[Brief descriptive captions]
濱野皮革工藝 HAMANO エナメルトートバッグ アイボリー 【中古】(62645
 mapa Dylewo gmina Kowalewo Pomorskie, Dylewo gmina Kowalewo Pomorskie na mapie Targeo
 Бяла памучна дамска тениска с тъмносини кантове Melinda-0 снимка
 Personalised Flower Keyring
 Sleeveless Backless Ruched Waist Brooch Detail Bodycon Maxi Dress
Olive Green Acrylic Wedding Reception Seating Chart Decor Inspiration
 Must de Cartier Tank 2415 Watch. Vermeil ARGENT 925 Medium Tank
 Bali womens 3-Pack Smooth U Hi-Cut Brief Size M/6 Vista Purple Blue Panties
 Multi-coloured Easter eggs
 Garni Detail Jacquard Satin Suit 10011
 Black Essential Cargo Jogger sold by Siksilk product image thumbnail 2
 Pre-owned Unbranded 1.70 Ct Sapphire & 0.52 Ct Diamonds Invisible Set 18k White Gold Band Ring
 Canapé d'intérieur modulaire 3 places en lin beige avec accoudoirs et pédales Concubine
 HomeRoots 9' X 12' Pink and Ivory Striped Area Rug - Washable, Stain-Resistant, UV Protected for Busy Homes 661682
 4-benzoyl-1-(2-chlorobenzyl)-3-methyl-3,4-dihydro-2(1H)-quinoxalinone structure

[Task]
Please print each entry once more, exactly as it reads.

[Problem solution]
濱野皮革工藝 HAMANO エナメルトートバッグ アイボリー 【中古】(62645
 mapa Dylewo gmina Kowalewo Pomorskie, Dylewo gmina Kowalewo Pomorskie na mapie Targeo
 Бяла памучна дамска тениска с тъмносини кантове Melinda-0 снимка
 Personalised Flower Keyring
 Sleeveless Backless Ruched Waist Brooch Detail Bodycon Maxi Dress
Olive Green Acrylic Wedding Reception Seating Chart Decor Inspiration
 Must de Cartier Tank 2415 Watch. Vermeil ARGENT 925 Medium Tank
 Bali womens 3-Pack Smooth U Hi-Cut Brief Size M/6 Vista Purple Blue Panties
 Multi-coloured Easter eggs
 Garni Detail Jacquard Satin Suit 10011
 Black Essential Cargo Jogger sold by Siksilk product image thumbnail 2
 Pre-owned Unbranded 1.70 Ct Sapphire & 0.52 Ct Diamonds Invisible Set 18k White Gold Band Ring
 Canapé d'intérieur modulaire 3 places en lin beige avec accoudoirs et pédales Concubine
 HomeRoots 9' X 12' Pink and Ivory Striped Area Rug - Washable, Stain-Resistant, UV Protected for Busy Homes 661682
 4-benzoyl-1-(2-chlorobenzyl)-3-methyl-3,4-dihydro-2(1H)-quinoxalinone structure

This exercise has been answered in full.